Model parameters are structured in layers. As information flows from the input to the output, it progresses through the model from one layer to another. For example, Llama 3.1-8B Instruct has 32 layers.
Each layer processes the information it receives from the previous layer and passes the result to the next layer. Think of it like an assembly line - each layer performs a specific transformation on the data before handing it off to the next stage.
In transformer models like those supported by Wisent-Guard, each layer typically contains attention mechanisms (which help the model focus on relevant parts of the input) and feedforward networks (which process and transform the information).
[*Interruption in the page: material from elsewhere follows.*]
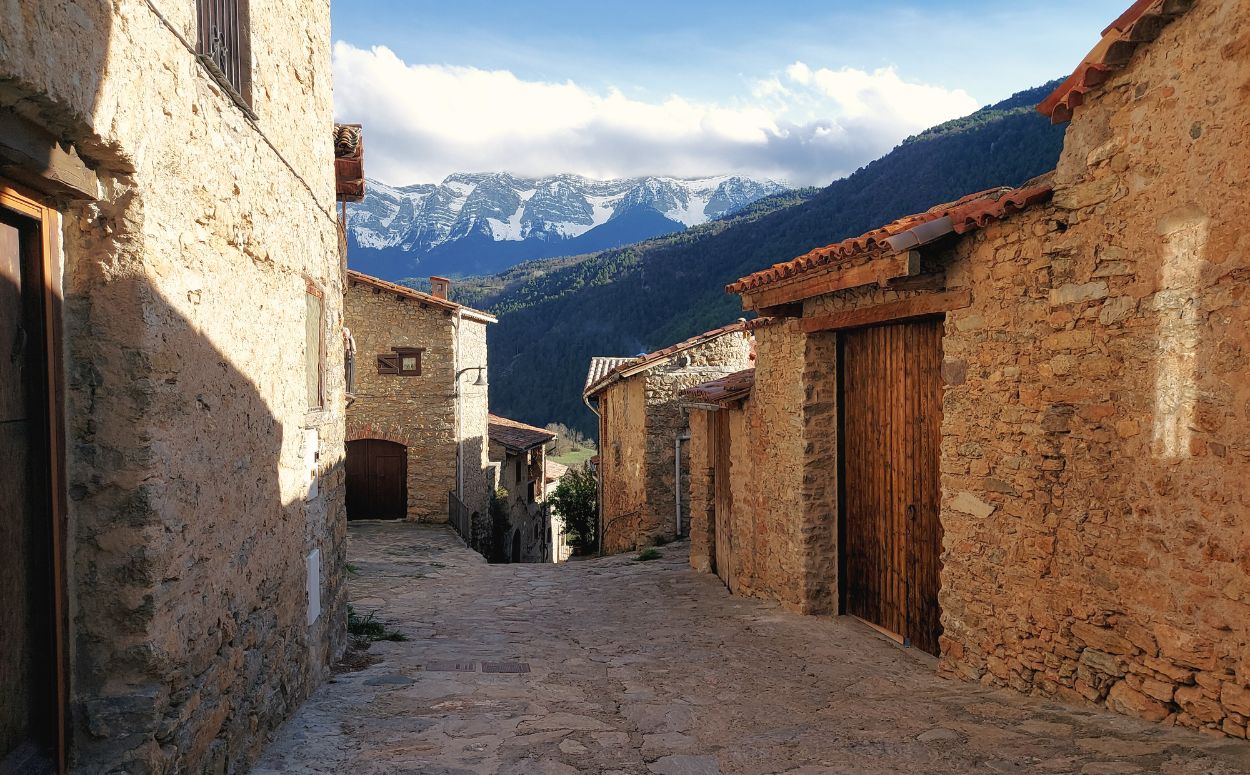 La pedra és la protagonista als carrers d'Arsèguel La pedra és la protagonista als carrers d'Arsèguel
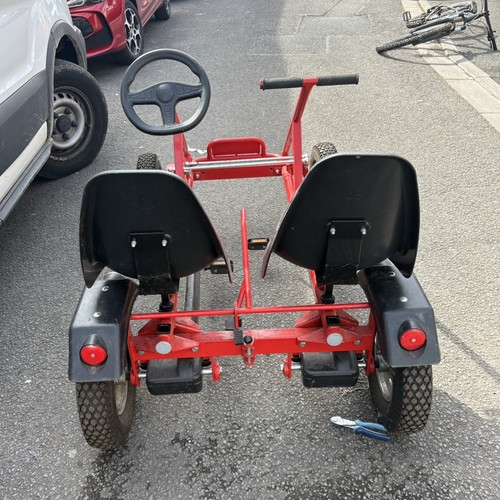 Red pedal seater - pedal,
Process basic linguistic features like syntax and word relationships.
Develop semantic understanding and complex reasoning patterns. Often best for representation engineering.
Prepare for output generation and final decision making.
Use a specific layer for monitoring:
python -m wisent_guard tasks mmlu --layer 15 --model meta-llama/Llama-3.1-8B-Instruct --limit 10
Monitor multiple specific layers:
python -m wisent_guard tasks hellaswag --layer 10,15,20 --model meta-llama/Llama-3.1-8B-Instruct --limit 10
Monitor a range of layers:
python -m wisent_guard tasks truthfulqa --layer 14-16 --model meta-llama/Llama-3.1-8B-Instruct --limit 10
Let Wisent-Guard find the optimal layer automatically:
python -m wisent_guard tasks mmlu --layer -1 --model meta-llama/Llama-3.1-8B-Instruct --limit 10
Different layers exhibit distinct activation patterns. Early layers focus on syntax, while deeper layers capture semantics and reasoning.
Middle layers typically contain the richest representations for most tasks, balancing between low-level features and high-level abstractions.
Different model architectures and sizes may have optimal layers at different positions. Experimentation is key to finding the best layers.